Probabilistic Solar Forecasting

This repository provides R code and data accompanying the paper

Gneiting, T., Lerch, S. and Schulz, B. (2023). Probabilistic Solar Forecasting: Benchmarks, Post-processing, Verification. Solar Energy, 252, 72-80, https://doi.org/10.1016/j.solener.2022.12.054.

In particular, code for the implementation of the postprocessing methods, application to the case study and forecast evaluation is available.

Summary

The setting of the case study and the dataset were adopted from Yang et al. (2022), who themselves provide data and code for the replication of their work. In the case study, probabilistic one day-ahead forecasts of Global Horizontal Irradiance (GHI) are issued for each hour of the following day at seven locations in the continental US. Five predictor variables are available, of which we highlight two. One is a deterministic GHI forecast from a numerical weather prediction model (ECMWF HRES), the other is the REST2 clear-sky irradiance. For further information on the data and setting, we refer to Yang et al. (2022). The data and code are provided the supplemental material of their work that is accessible via the DOI noted in the references.
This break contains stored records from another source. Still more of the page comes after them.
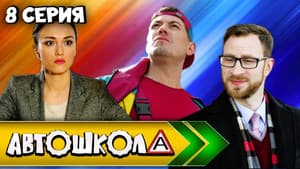 Episode 8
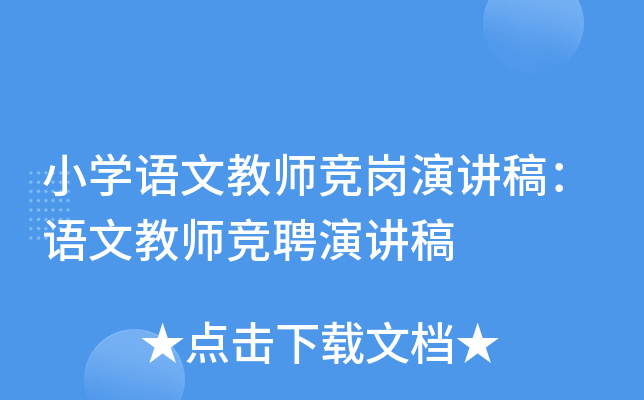 小开云kaiyun(中国)语文教师竞岗演讲稿：语文教师竞聘演讲稿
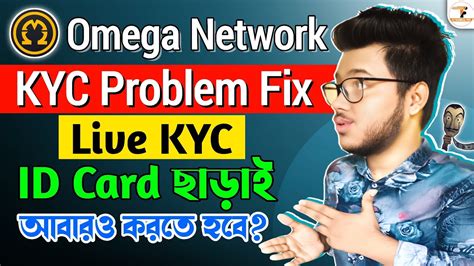 Omega Network Kyc Verification Problem Fix Omega Network Live Kyc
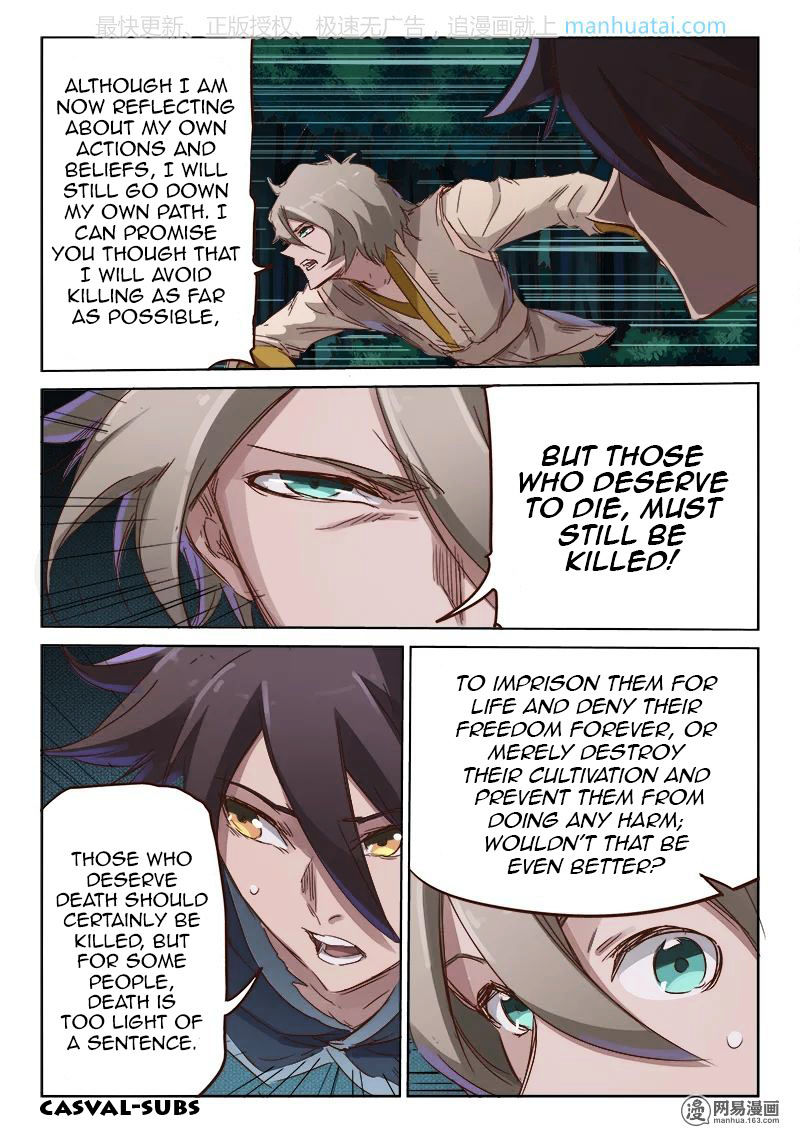 STAR MARTIAL GOD TECHNIQUE Chapter 72 - Page 5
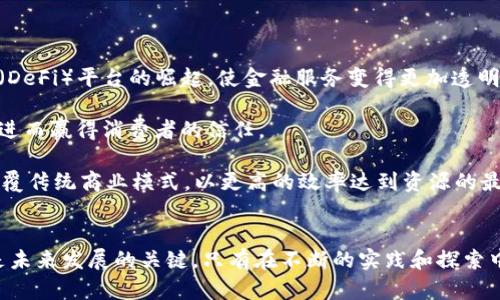 biao ti/biao ti区块链：解析其背后的加密算法系统与未来应用/biao ti

区块链, 加密算法, 去中心化, 数字货币/guanjianci

什么是区块链？
区块链是一种分布式账本技术，最早由比特币引入，是用来记录交易的一种方式。它的核心特征在于去中心化，这意味着任何单一实体都无法控制整个网络，而是通过一个由参与者组成的网络实现数据的共享与验证。区块链的每一个“区块”中包含了一定数量的交易数据，而这些区块通过加密算法串联在一起形成“链”，因而得名“区块链”。

区块链的主要特点有不可篡改性、透明性和安全性。由于数据一旦写入区块链就很难被修改，区块链为各种应用提供了信任基础。透明性保证了所有参与者均可获得相同的信息，而通过密码学技术，区块链系统确保了数据传输的安全。

区块链中的加密算法
区块链技术的核心在于其加密算法。以下是一些在区块链上广泛使用的加密算法：

1. **哈希算法（Hash Functions）**：哈希算法在区块链中起着关键作用。它将任意长度的输入（交易数据）转化为固定长度的输出（哈希值）。例如，比特币使用SHA-256哈希算法。每个区块都引用前一个区块的哈希值，从而形成不可篡改的链条。如果任何一个区块的数据被篡改，其哈希值将发生变化，导致后续所有区块的哈希值也随之改变，从而被网络中的节点识别为无效。

2. **对称加密和非对称加密**：在区块链中，对称加密和非对称加密机制确保了数据传输的机密性和完整性。非对称加密用于生成公钥和私钥对，用户可用其私钥对交易进行数字签名，而任何人都可以使用公钥验证这个签名的有效性。这种机制确保了只有拥有私钥的用户才能控制其数字资产。

3. **数字签名**：每个用户在区块链上的交易都需要进行数字签名。通过哈希值和用户的私钥生成的数字签名，保证了交易的可靠性与不可抵赖性。接收方可以确认发送者的身份以及交易内容未被篡改。

区块链的去中心化特性
区块链最吸引人的特性之一是其去中心化。传统金融体系中，所有交易都需要经过银行等中心化金融机构进行验证和记录。而在区块链中，交易通过网络中多个节点的验证而完成。这种去中心化的特性拥有以下优势：

1. **降低信任成本**：在去中心化的网络中，用户不再需要信任单一的中介（如银行），而是信任整个网络。这种设计大幅降低了信任成本，同时去除了单点故障的隐患。

2. **提高交易效率**：传统金融交易往往需要几天甚至数周的结算时间，而区块链上的交易几乎可以实现即时结算。这使得资金流转更加高效，特别是在跨境支付领域表现尤为突出。

3. **增强系统安全性**：去中心化模型让攻击者无法轻松控制整个网络，加之区块链的密码学特征，提升了系统的抗攻击能力，确保了网络的安全。即使某个节点被攻击，其余节点依然可以维持整个系统的运行。

区块链的应用场景
随着技术的不断进步，区块链的应用场景越来越广。以下是一些典型的应用领域：

1. **金融服务**：包括数字货币如比特币以外的传统金融产品，区块链能实现更高效的支付、清算与结算，降低交易成本。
We use four methods for postprocessing of solar radiation forecasts, namely the Analogue Ensemble (AnEn), Isotonic Distributional Regression (IDR), the Distributional Regression Network (DRN) and the Bernstein Quantile Network (BQN). While AnEn is replicated from Yang et al. (2022), the other three methods are based on the code of Schulz and Lerch (2022), who adapt and apply these methods to probabilistic wind gust forecasting. For the evaluation of the probabilistic forecasts, we again build on code from Schulz and Lerch (2022) and for the generation of quantile reliability diagrams on code from Gneiting et al. (2023).

Data

We are grateful to Dazhi Yang for generous advice on the handling of the benchmark data from Yang et al. (2022) as well as the permission to redistribute the data.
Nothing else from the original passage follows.